Since Cannon desperately mimics Chris Tucker’s preening, strutting, motormouth wisecracking at every turn, it’s no surprise to find that Marcos Siega’s formulaic film is akin to an adolescent variation on Rush Hour, with jive-talking Tracy—whose decision to drop out before graduation and get a GED is dubbed “the easy way out”—forced to navigate a foreign land (the rich suburban halls of academia) with the help of a friendly Asian (Kelly Hu) while seducing a caliente Spanish teacher (Roselyn Sanchez, of Rush Hour 2 fame). Cannon’s showboating narcissism is so overwhelming and unjustified that every fish-out-of-water bit involving Tracy’s participation in “white” activities (paintball, jet skiing, rugby) immediately flunks out, though only screenwriters David Wagner and Brent Goldberg can be faulted for the preposterous depiction of wealthy WASPs as ghetto-tough streetballin’ superstars and Sanchez’s Ms. Lopez as a Hispanic variation on Mary Kay Letourneau.

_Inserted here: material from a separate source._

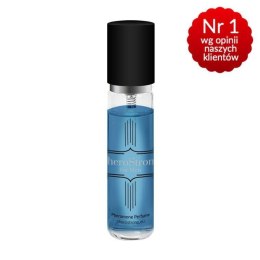 Feromony-PheroStrong Strong dla mężczyzn 15 ml Boss of toys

As the undercover brother exposes a link between a drug ring and stolen car operation being orchestrated by one of Westbury’s most powerful people, Underclassman partakes in scatological stupidity (featuring Felicity‘s Ian Gomez squatting in a bush) and endless “light-skinned folks are crazy” bits in which wigger Alex (Johnny Lewis) flaunts an incompetent grasp of hip-hop vernacular (claiming someone has “angry skills” on the basketball court) and Tracy acts flummoxed by the word “soiree.” His eventual realization that the French-derived word is “Caucasian for party” may supposedly reflect a newfound appreciation for academia, but Siega’s hackneyed, by-the-books action-comedy deserves a dunce cap.